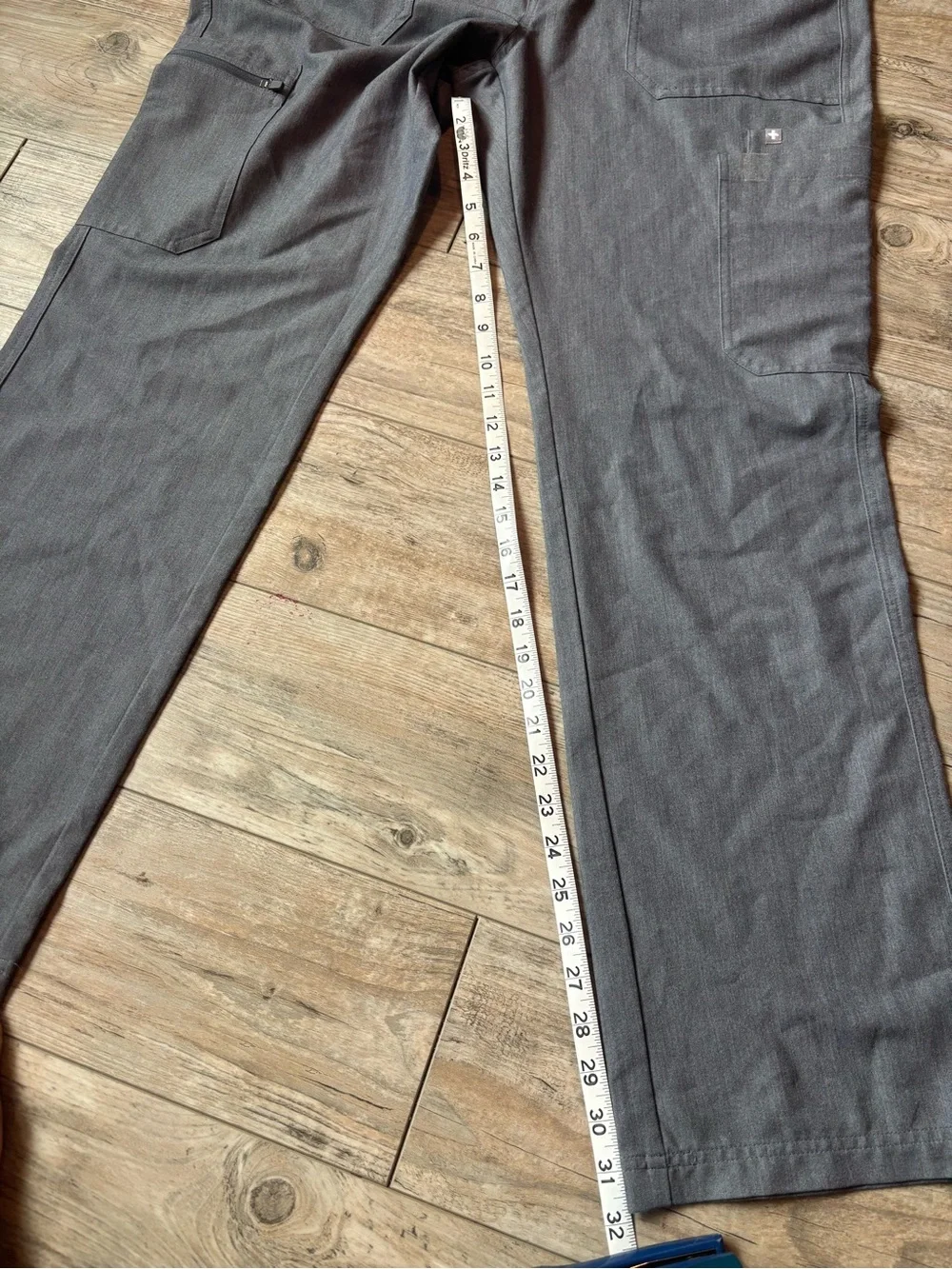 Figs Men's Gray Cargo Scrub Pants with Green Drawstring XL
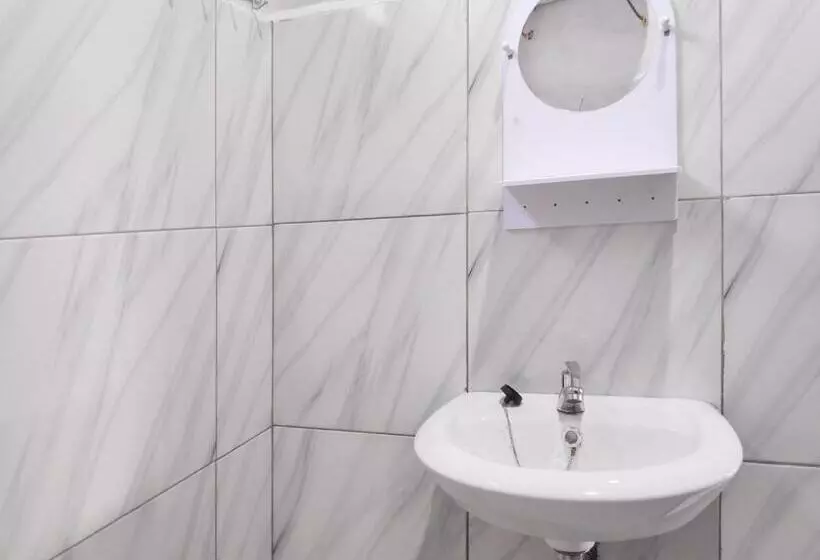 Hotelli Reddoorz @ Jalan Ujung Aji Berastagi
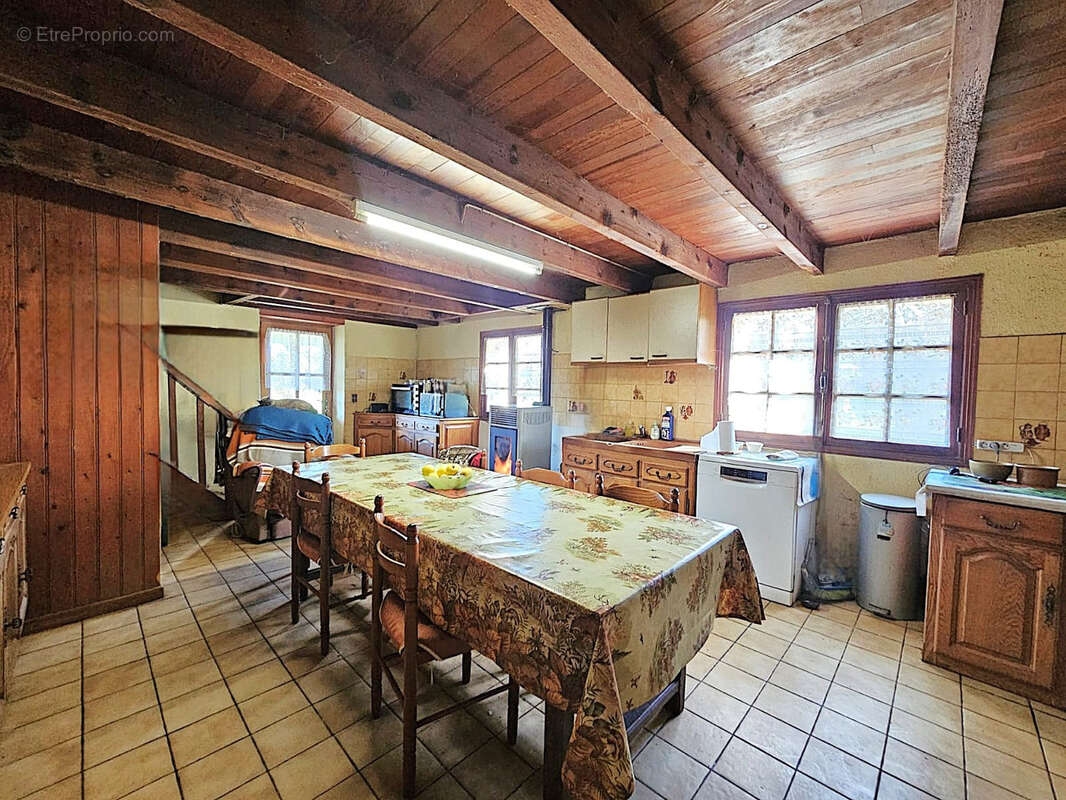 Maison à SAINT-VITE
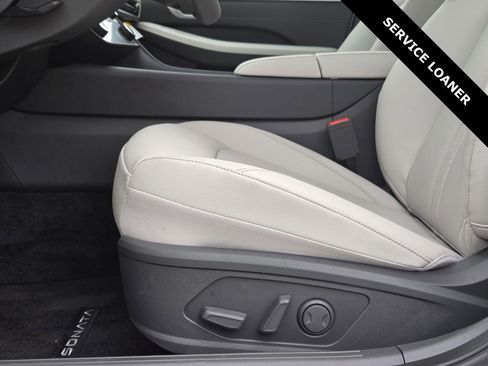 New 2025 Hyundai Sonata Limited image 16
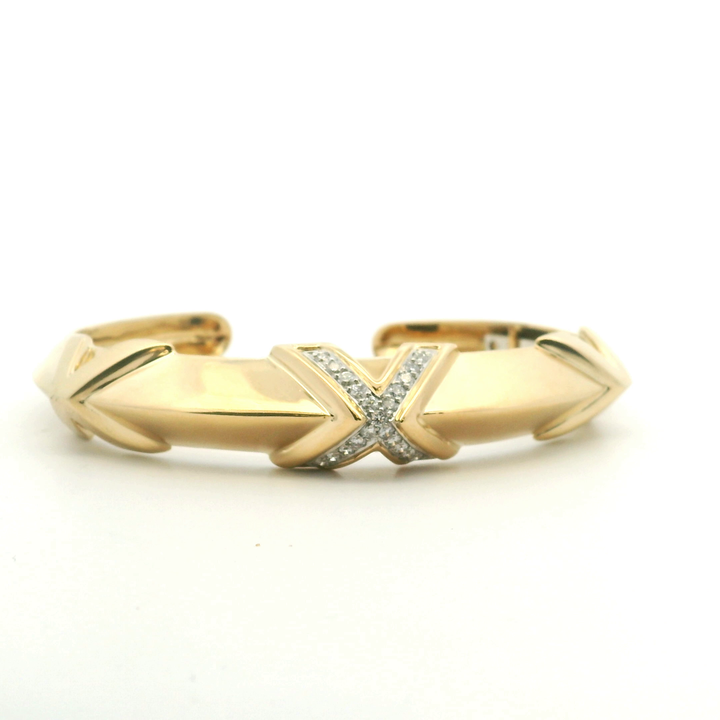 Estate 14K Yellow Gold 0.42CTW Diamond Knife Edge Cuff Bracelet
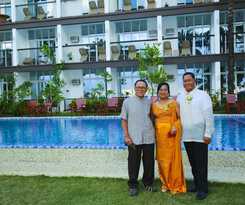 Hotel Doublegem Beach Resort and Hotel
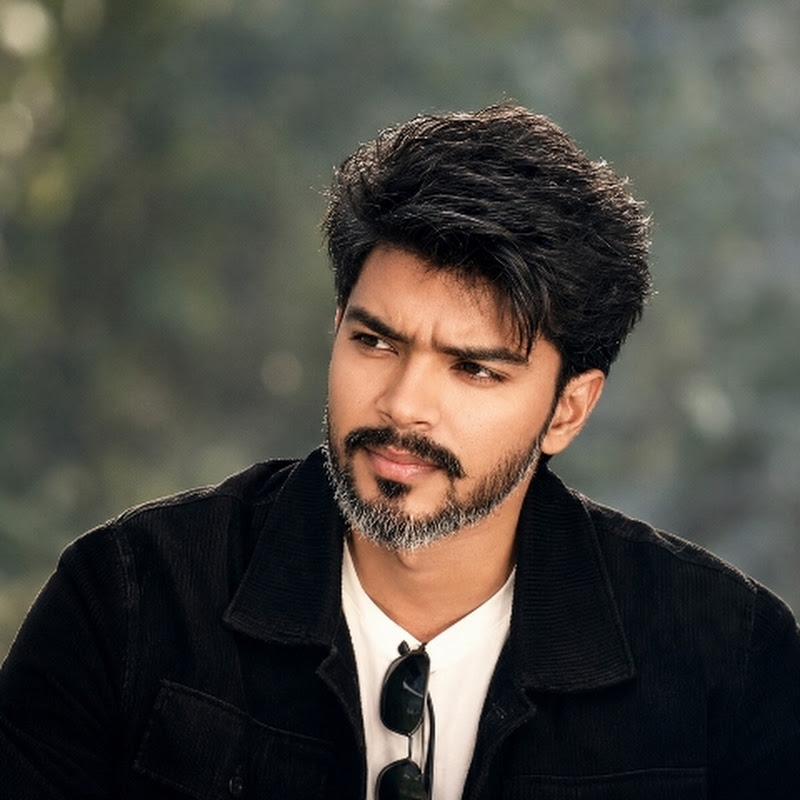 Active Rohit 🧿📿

...

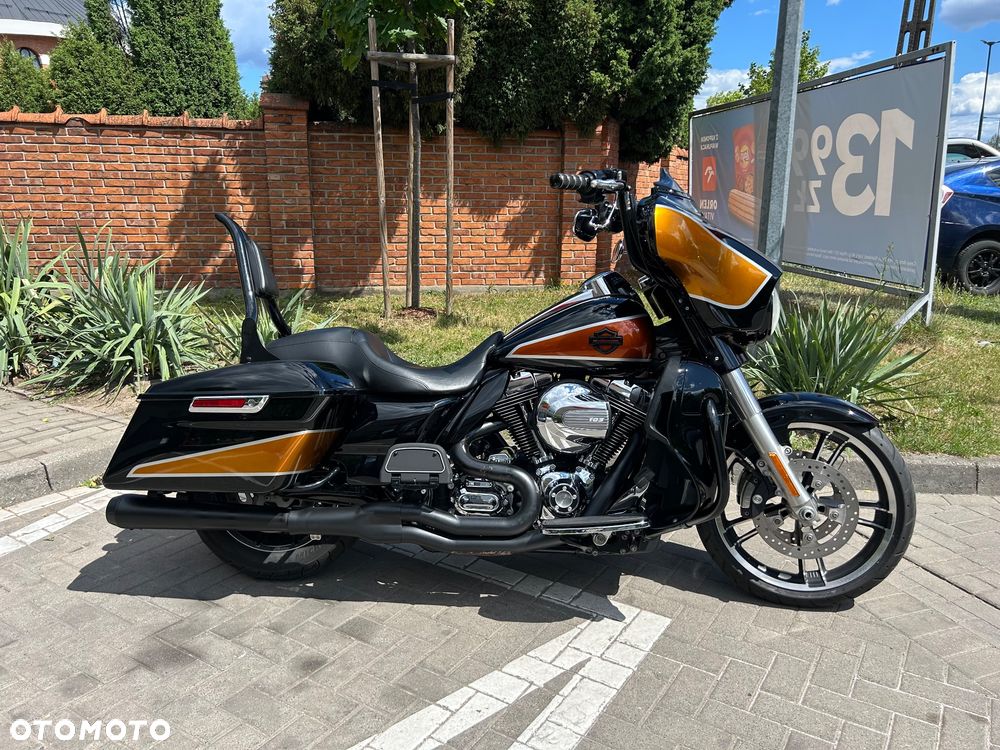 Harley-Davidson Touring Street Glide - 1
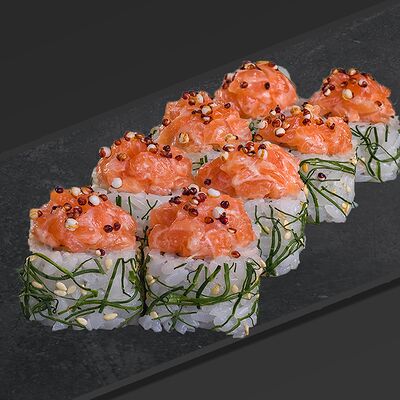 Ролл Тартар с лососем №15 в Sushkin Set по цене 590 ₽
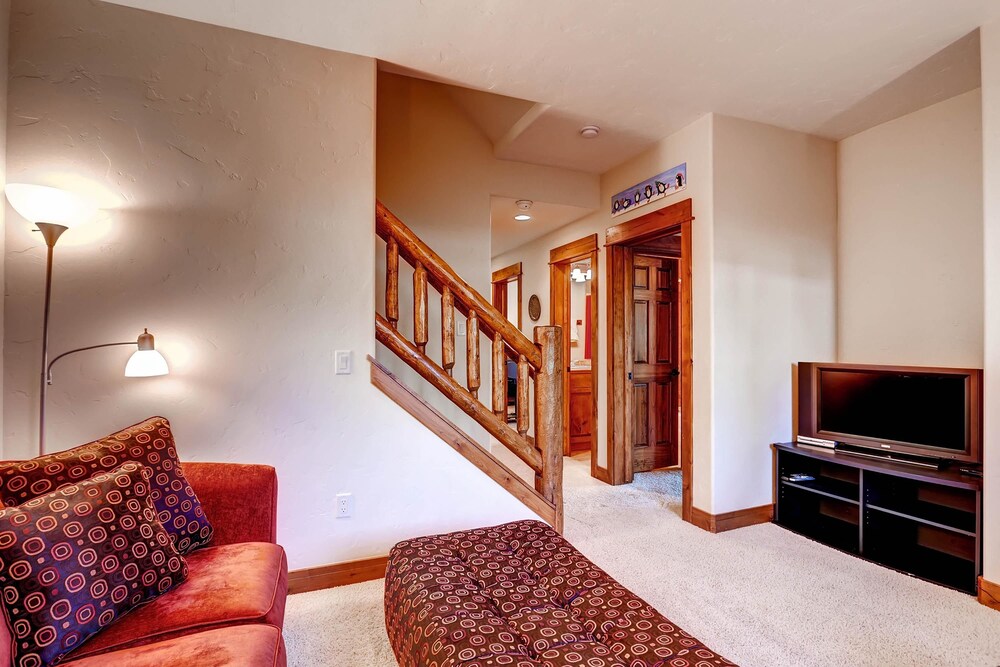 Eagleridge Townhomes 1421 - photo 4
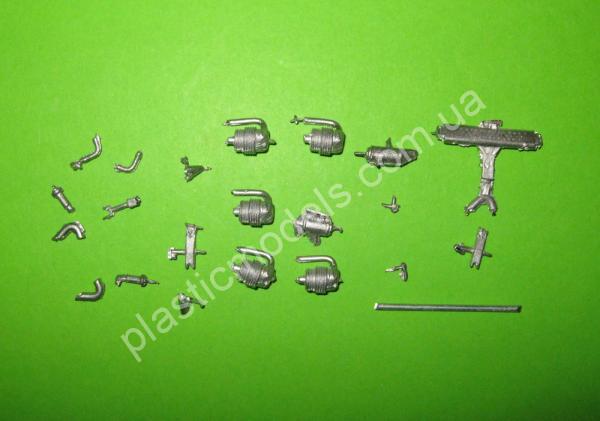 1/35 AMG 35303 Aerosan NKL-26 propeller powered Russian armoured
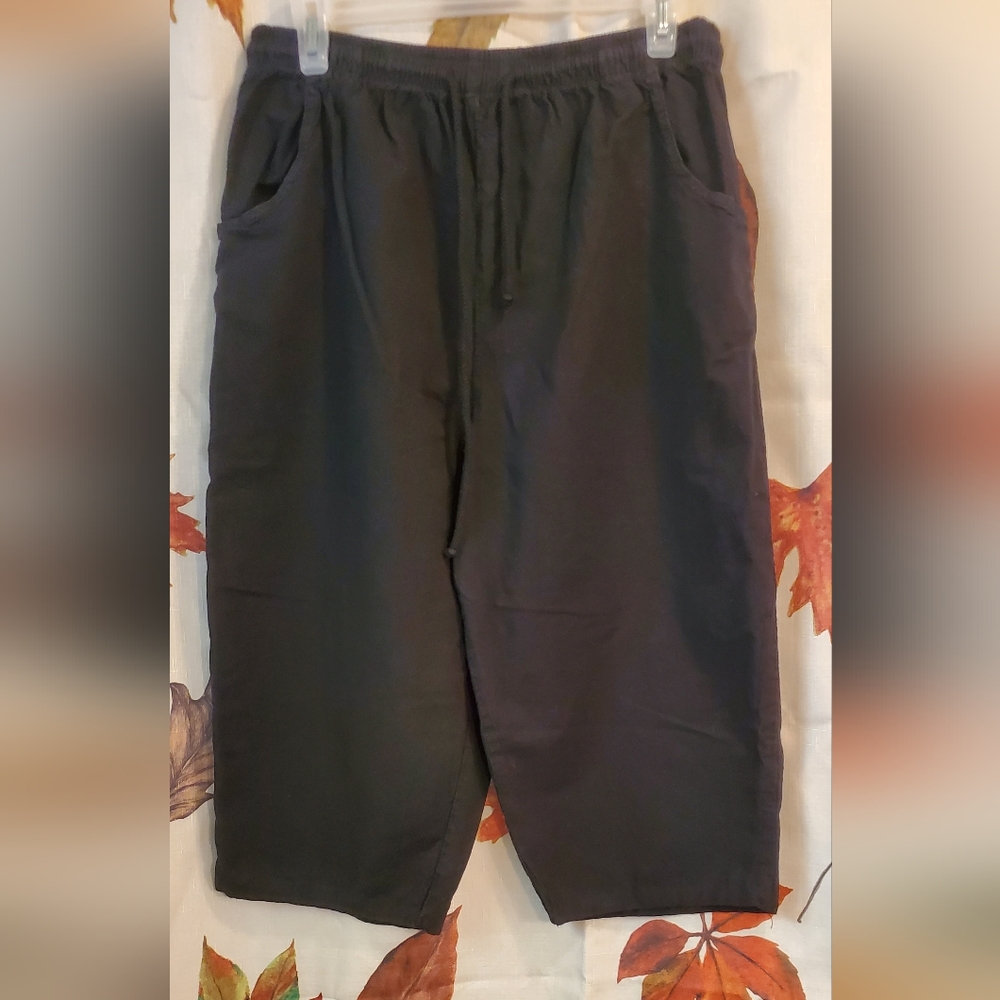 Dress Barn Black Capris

▸ **Description of the task**
In the listing above, find the line containing "Estate 14K Yellow" and the line containing "Active Rohit 🧿📿". Print those two lines and every line between them exactly, with no pictures.

▸ **Result of the task**
 Estate 14K Yellow Gold 0.42CTW Diamond Knife Edge Cuff Bracelet
 Hotel Doublegem Beach Resort and Hotel
 Active Rohit 🧿📿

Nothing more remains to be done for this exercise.